Pelo Brasil afora, não faltam fazendeiros que não participam ativamente do dia a dia da política, mas se mostram empenhados em contribuir. Produtor de soja e criador de gado, Clacy Secco é proprietário de fazendas no interior do Mato Grosso e de Goiás e não esconde sua disposição. Nos últimos dias, ele mandou bordar bonés com a logomarca da sua empresa acompanhada da inscrição “Bolsonaro 2022”“Estou disposto a fazer (doar), desde que seja algo bem documentado, que não dê problema.”

Crusoé apurou que associações de pecuaristas já analisam a viabilidade jurídica de promover leilões de animais para arrecadar fundos que possam ser doados, em seguida, para a campanha. Para o senador Wellington Fagundes, do PL mato-grossense, não será difícil convencer fazendeiros a doarem ao menos uma cabeça de boi. “Ele pode doar um animal de raça, que pode ir para um leilão e fazer uma arrecadação maior, ou pode fazer jantar de adesão. São várias formas de ajuda. Neste ano, a forma da campanha será diferente. Se a campanha de 2018 foi espontânea e sem controle, esta será polarizada. O Mato Grosso está cheio de bolsonaristas dispostos a contribuir”, afirma.

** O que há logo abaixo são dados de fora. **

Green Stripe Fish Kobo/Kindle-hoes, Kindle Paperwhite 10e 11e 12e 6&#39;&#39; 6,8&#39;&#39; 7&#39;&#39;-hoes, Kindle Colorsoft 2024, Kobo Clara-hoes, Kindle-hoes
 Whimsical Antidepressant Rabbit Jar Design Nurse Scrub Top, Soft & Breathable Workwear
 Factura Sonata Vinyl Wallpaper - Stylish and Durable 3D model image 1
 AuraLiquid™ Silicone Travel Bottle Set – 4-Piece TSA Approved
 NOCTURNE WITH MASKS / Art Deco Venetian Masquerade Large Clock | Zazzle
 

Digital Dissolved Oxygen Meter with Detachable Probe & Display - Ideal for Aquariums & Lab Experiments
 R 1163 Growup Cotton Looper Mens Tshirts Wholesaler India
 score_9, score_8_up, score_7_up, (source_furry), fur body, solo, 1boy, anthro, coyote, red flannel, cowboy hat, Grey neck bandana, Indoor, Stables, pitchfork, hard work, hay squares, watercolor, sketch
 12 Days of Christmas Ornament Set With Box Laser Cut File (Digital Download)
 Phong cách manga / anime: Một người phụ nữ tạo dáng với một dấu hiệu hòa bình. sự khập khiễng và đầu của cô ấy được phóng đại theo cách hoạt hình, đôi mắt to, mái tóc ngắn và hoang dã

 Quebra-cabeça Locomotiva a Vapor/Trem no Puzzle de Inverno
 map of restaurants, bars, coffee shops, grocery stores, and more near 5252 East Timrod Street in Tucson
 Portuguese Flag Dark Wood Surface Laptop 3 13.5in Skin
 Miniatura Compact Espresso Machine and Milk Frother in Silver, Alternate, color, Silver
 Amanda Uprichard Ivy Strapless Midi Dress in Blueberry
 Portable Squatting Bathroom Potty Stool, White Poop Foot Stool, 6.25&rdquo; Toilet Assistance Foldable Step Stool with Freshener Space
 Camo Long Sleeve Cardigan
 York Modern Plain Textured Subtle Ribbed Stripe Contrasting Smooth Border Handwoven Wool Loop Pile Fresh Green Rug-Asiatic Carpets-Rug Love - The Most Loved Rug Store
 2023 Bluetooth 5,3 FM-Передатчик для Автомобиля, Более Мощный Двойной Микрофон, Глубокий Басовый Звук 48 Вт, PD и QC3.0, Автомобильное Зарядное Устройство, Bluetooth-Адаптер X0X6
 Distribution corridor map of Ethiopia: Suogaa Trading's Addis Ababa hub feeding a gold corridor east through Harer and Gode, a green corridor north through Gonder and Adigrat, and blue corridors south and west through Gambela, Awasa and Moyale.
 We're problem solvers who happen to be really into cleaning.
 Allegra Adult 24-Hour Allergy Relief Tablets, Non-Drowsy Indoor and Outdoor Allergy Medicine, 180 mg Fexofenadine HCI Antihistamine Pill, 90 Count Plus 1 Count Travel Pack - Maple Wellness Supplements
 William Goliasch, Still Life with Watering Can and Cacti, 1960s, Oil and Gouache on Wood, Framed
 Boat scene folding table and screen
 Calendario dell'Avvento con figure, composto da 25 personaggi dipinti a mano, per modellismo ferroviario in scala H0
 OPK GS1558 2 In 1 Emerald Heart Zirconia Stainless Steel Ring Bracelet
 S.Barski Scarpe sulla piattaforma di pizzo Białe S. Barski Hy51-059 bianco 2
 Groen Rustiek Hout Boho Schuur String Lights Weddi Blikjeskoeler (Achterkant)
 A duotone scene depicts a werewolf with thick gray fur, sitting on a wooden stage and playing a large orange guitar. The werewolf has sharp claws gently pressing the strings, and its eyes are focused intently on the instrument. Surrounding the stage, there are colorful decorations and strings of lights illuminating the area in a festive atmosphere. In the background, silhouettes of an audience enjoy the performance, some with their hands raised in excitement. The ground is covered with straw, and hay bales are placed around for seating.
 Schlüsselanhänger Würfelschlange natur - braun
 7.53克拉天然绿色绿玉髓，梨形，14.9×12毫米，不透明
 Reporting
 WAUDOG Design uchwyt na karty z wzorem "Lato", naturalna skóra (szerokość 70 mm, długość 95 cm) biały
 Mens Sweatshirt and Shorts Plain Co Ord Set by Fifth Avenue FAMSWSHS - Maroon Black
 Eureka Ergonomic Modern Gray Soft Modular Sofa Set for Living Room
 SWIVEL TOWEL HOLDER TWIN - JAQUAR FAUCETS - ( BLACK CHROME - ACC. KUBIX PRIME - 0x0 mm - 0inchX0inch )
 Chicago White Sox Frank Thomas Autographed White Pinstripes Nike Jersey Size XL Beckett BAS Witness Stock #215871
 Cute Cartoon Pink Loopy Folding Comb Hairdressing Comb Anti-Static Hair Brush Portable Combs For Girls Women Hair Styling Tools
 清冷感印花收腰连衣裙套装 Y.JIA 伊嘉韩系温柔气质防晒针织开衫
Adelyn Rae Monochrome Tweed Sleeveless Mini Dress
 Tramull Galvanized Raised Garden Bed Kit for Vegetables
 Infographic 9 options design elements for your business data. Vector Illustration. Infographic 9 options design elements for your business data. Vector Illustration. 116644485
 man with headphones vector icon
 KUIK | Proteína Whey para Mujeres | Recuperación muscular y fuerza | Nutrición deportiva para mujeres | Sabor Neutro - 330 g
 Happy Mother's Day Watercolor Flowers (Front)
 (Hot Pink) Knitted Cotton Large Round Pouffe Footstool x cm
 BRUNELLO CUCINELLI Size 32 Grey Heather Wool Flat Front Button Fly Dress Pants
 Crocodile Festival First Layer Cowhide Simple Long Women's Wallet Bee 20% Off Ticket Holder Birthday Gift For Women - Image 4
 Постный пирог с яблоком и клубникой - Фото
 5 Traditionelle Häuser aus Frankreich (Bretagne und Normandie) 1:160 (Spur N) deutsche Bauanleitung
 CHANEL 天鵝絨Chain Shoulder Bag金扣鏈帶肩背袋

A retórica bolsonarista alinhada aos interesses do agronegócio ganhou força nesta quinta-feira, 10, quando Lula, pré-candidato do PT ao Planalto, disse em um vídeo que o MTST, movimento conhecido por pregar a invasão de propriedades privadas, não será “coadjuvante”, mas “sujeito” caso ele seja eleito. Flávio Bolsonaro aproveitou a deixa para empenar um discurso que soa como música aos ouvidos dos produtores rurais. “O ladrão de nove dedos vai tirar sua arma, sua casa e sua liberdade! Você que trabalha e produz não vai ter direitos. Sabe quem vai ter direitos? O vagabundo que invadiu sua terra!”. O filho 01 do presidente está entre os que esperam que a postura do petista se reverta não apenas em votos, mas em doações – seja no valor de um boi, seja em cifras mais expressivas – capazes de turbinar financeiramente a campanha do pai. O gado pode fazer a diferença na campanha.